Forward progress delegation for executors

Document #: P1898R1
Date: 2020-05-16
Project: Programming Language C++
SG1
Reply-to: Lee Howes
<>

1 Changelog

1.1 Differences between R0 and R1

2 Introduction

This design enables delegation of forward progress in asynchronous algorithms and enables well-defined propagation of execution resources through an asynchronous work chain. This work is based in part on a discussion of the DeferredExecutor that works with folly’s SemiFuture and how folly’s coroutines propagate executors as well to ensure that work runs on predictable underlying execution resources.

In this paper executor refers to the general concept as expressed in the title of [P0443R13] and the long standing executors effort. The concrete concepts used may satisfy executor, scheduler or sender depending on the context.

Building on the definitions in [P0443R13] and [P1897], we start with the definition of a receiver we propose adding a concept scheduler_provider that allows a sender to require that a receiver passed to it is able to provide an executor, or more accurately a scheduler in the language of [P0443R13]. This concept offers a get_scheduler customization point that allows a scheduler to be propagated from downstream to upstream asynchronous tasks, or alternatively from upstream to downstream. A given scheduler, and therefore any sender created off that scheduler may require the availability of such a customization on receiverss passed to the submit operation.

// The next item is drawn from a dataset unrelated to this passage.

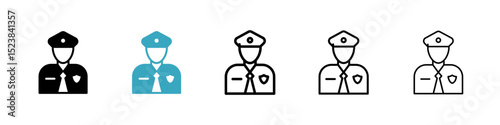 Police icons in Multiple Styles Set. Vector Illustration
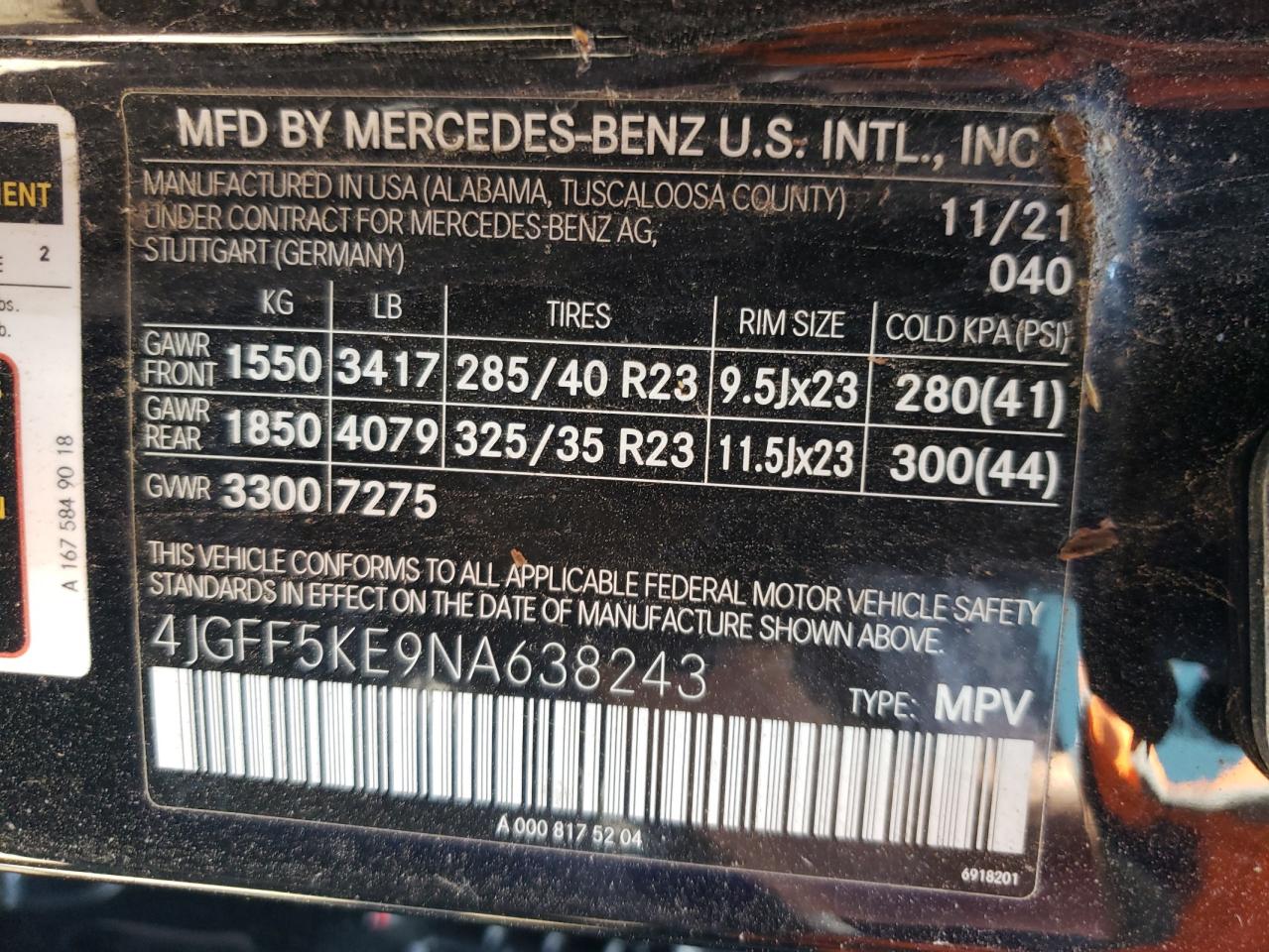 4JGFF5KE9NA638243 2022 Mercedes-Benz Gls 450 4Matic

A given sender may delegate any tasks it is unable to perform to the scheduler it acquires from the downstream Callback. A given sender alternatively might always reschedule work to an underlying scheduler, and in situations where the chosen scheduler is ambiguous, for example where the output work runs from a when_all operation, that sender might require that downstream work provide a scheduler for it to reschedule onto to remove nondeterminism in where work runs.

A sync_wait operation, as defined in [P1897], encapsulates a scheduler that wraps a context owned by and executed on the calling thread. This will make progress and as such can act as the executor-of-last-resort when the C++20 guarantee is required in blocking code.

We also propose that a set of definitions for forward progress of asynchronous graph nodes be provided.

3 Motivation and Scope

3.1 Forward progress delegation in C++20.

The standard parallel algorithms support weak forward progress guarantees. For example, with the code:

vector<int> vec{1, 2, 3};
vector<int> out(vec.size(), 0);
transform(
  std::execution::par,
  begin(vec),
  end(vec),
  begin(out),
  [](int i){return i+1;} // s0
  ); // s1

Allows the runtime to assume that the statement s0 is safe to execute concurrently for some set of agents, and makes the guarantee that once started each instance of s0 will run to completion, independent of whatever else is happening in the system.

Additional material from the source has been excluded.